Replicate published Figure 3 — single-dose profiles by dose level

Hayashi 2007 Figure 3 shows individual observed serum concentrations of omalizumab, total IgE, and free IgE in study 1101 over 84 days, with 80% prediction intervals.
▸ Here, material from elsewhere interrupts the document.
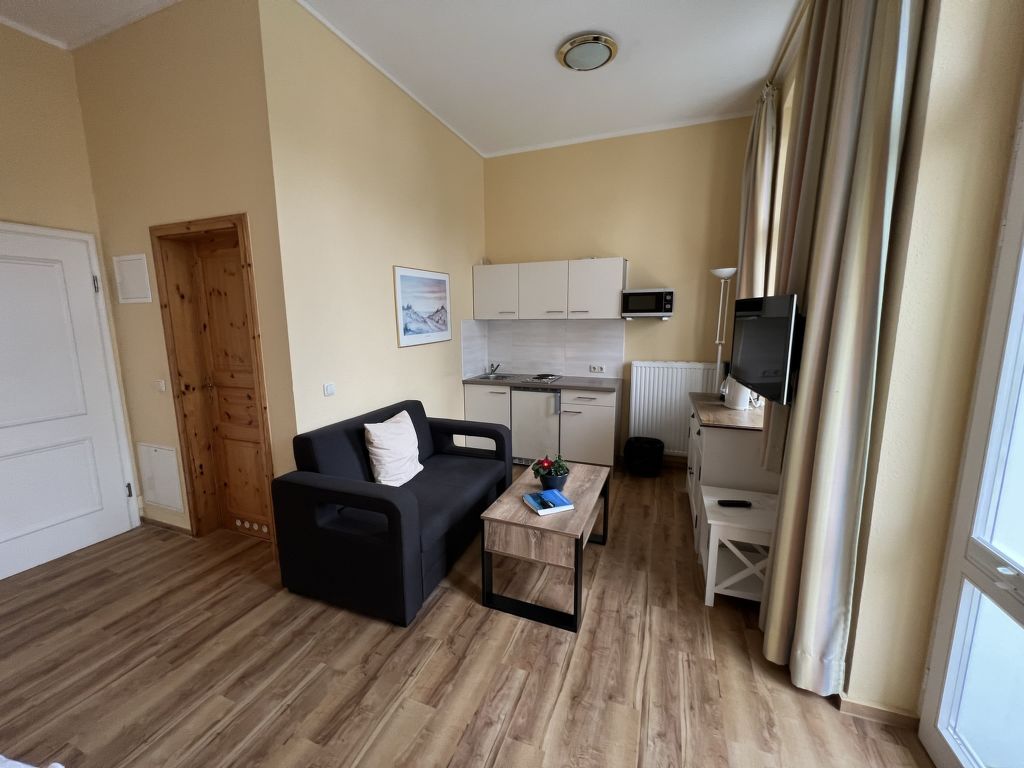 Zinnowitzer Hof App.10 | Boeken bij Flickmyhouse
We reproduce the cohort means with 80% prediction intervals from the simulated population.

sim |>
  group_by(time, dose_label) |>
  summarise(
    Q10 = quantile(Cc, 0.10, na.rm = TRUE),
    Q50 = quantile(Cc, 0.50, na.rm = TRUE),
    Q90 = quantile(Cc, 0.90, na.rm = TRUE),
    .groups = "drop"
  ) |>
  ggplot(aes(time, Q50)) +
  geom_ribbon(aes(ymin = Q10, ymax = Q90), alpha = 0.25) +
  geom_line() +
  facet_wrap(~ dose_label, scales = "free_y") +
  labs(x = "Time (days)", y = "Total omalizumab (µg/mL)",
       title = "Hayashi 2007 Figure 3, omalizumab panel",
       caption = "Lines: median; ribbon: 10th–90th percentile from 12 simulated subjects per dose.")
Replicates Figure 3 of Hayashi 2007 (top row, omalizumab vs time by single-dose group, study 1101).
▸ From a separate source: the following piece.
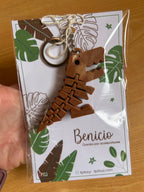 Llaverito Dinosaurio Articulado 3D – Souvenir Personalizado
Replicates Figure 3 of Hayashi 2007 (top row, omalizumab vs time by single-dose group, study 1101).

sim |>
  group_by(time, dose_label) |>
  summarise(
    Q10 = quantile(freeIgE, 0.10, na.rm = TRUE),
    Q50 = quantile(freeIgE, 0.50, na.rm = TRUE),
    Q90 = quantile(freeIgE, 0.90, na.rm = TRUE),
    .groups = "drop"
  ) |>
  ggplot(aes(time, Q50)) +
  geom_ribbon(aes(ymin = Q10, ymax = Q90), alpha = 0.25) +
  geom_line() +
  facet_wrap(~ dose_label) +
  scale_y_log10() +
  geom_hline(yintercept = 12, lty = 2, colour = "grey40") +
  geom_hline(yintercept = 21, lty = 2, colour = "grey40") +
  labs(x = "Time (days)", y = "Free IgE (ng/mL, log scale)",
       title = "Hayashi 2007 Figure 3, free-IgE panel",
       caption = "Dashed grey lines indicate the 12–21 ng/mL clinical-efficacy band cited in Hayashi 2007.")
Replicates Figure 3 of Hayashi 2007 (free IgE vs time by single-dose group, study 1101).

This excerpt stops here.